Learners can contribute far more than answers. When designed well, their work can generate explanations, hints, examples, and feedback that improve the learning experience for future learners. Learnersourcing turns participation into a source of instructional value.

In this course, you will learn how to design learnersourcing activities that collect useful learner contributions and incorporate them into better educational experiences. The course focuses on what kinds of tasks produce valuable outputs, how to evaluate contribution quality, and how to use learnersourcing for continuous improvement.

Syllabus

Module 1: Learnersourcing
  • Define learnersourcing.
  • Identify tasks that are appropriate for learnersourcing.
  • Name key challenges with learnersourcing.
  • Order the key steps in implementing a learnersourcing task.
  • Explain the methods behind each key step in implementing a learnersourcing task.

Meet the instructor

Dr. Steven Moore

Dr. Steven Moore

Assistant Professor
George Mason University

Steven Moore is an Assistant Professor in the Department of Information Sciences and Technology at George Mason University. He studies how to design educational technologies that improve student learning and how people use AI to learn.

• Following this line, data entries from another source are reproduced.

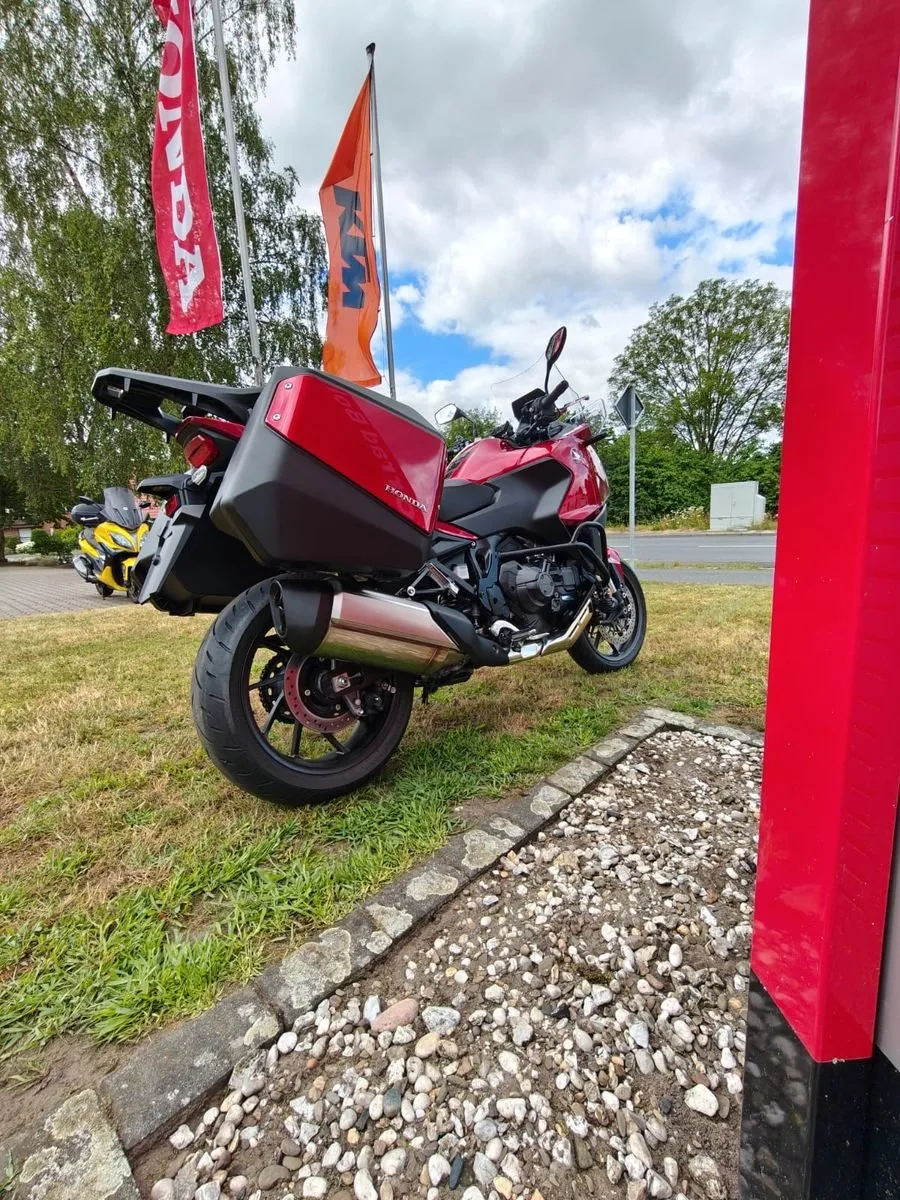 Honda NT1100 DCT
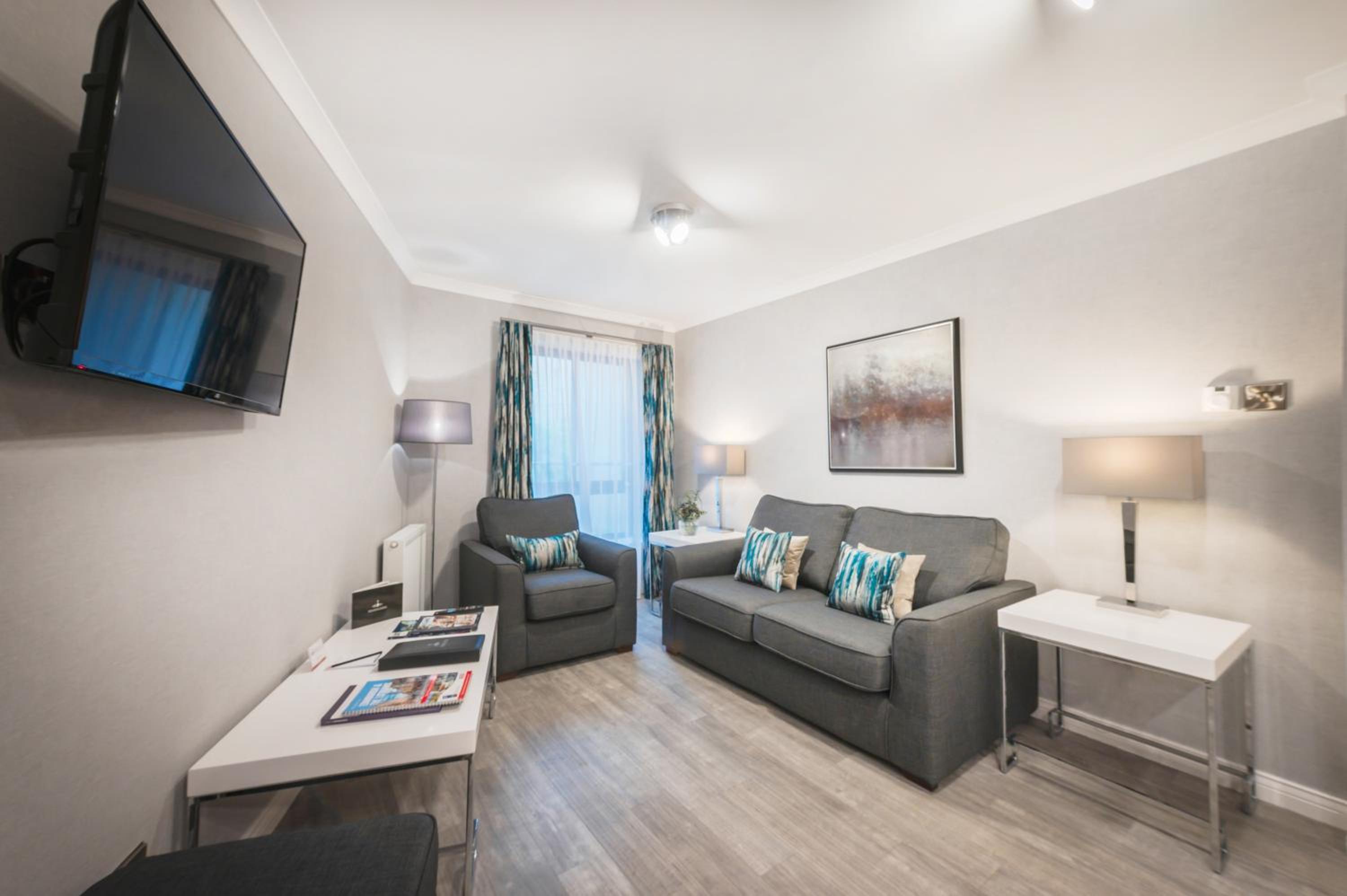 Comfort One Bedroom Apartment - Photo 12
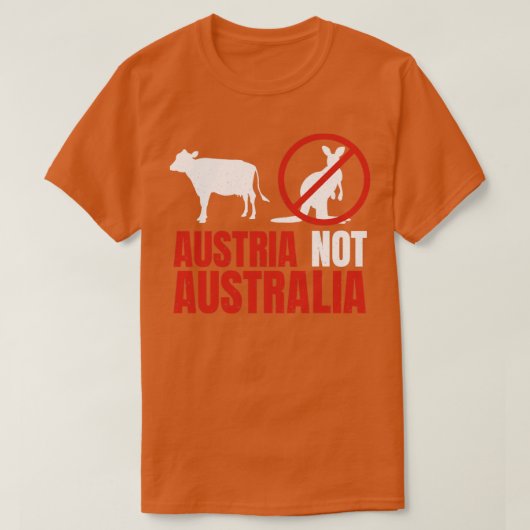 オーストリアNot Australiaカンガルーおもしろいプン Tシャツ (デザイン正面)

Drawing on learning science, human-computer interaction, and applied natural language processing, he builds and evaluates AI-enhanced courseware and assessment tools. His work advances learnersourcing, crowdsourcing, and human-AI collaboration for content creation and feedback at scale. Recently, he has focused on using large language models to support instructional design by applying structured rubrics consistently across varied content types. His academic research is informed by extensive industry experience and consulting with universities and school districts.